*** Exercise materials Section Begins ***

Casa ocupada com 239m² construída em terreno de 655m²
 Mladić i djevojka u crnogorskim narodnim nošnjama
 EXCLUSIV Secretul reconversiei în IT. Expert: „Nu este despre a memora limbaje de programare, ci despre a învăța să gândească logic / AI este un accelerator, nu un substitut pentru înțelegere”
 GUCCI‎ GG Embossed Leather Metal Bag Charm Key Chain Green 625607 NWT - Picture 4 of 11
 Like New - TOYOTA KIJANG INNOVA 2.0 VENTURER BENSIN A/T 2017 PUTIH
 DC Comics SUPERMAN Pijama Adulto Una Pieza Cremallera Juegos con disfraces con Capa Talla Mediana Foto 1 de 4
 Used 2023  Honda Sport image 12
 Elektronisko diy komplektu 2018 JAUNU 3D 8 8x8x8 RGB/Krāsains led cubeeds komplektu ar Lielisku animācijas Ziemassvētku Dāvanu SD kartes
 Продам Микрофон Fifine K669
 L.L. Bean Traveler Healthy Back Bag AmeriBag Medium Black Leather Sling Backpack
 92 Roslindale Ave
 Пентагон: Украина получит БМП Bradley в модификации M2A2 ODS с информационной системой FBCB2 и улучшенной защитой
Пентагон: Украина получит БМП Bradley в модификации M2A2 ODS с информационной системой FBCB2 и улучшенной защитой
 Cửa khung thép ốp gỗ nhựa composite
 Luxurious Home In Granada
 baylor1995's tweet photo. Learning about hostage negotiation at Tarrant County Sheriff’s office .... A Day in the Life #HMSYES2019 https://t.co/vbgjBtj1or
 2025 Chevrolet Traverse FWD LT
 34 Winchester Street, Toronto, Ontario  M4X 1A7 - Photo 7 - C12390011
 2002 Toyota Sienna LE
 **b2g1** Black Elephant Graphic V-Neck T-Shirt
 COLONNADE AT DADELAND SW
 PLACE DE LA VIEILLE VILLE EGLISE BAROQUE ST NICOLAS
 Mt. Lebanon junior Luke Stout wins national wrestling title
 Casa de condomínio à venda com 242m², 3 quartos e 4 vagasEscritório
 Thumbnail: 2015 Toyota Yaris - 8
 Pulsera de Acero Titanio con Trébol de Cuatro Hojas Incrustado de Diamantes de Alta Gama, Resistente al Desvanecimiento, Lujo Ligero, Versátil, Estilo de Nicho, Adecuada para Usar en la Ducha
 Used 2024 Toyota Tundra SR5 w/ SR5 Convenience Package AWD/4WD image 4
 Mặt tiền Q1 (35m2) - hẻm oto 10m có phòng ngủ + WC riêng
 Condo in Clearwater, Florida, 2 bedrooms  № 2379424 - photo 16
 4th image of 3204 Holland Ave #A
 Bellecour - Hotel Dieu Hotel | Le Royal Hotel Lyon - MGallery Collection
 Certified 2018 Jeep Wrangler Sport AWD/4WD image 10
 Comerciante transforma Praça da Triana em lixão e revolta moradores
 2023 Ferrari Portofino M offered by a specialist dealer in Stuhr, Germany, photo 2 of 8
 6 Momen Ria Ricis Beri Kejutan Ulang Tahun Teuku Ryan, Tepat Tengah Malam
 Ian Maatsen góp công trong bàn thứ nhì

*** Exercise materials Section Ends ***

**Work instructions**
Tell how many lines in the data hold the string "Leather". Only the number is wanted.

**Written answer**
2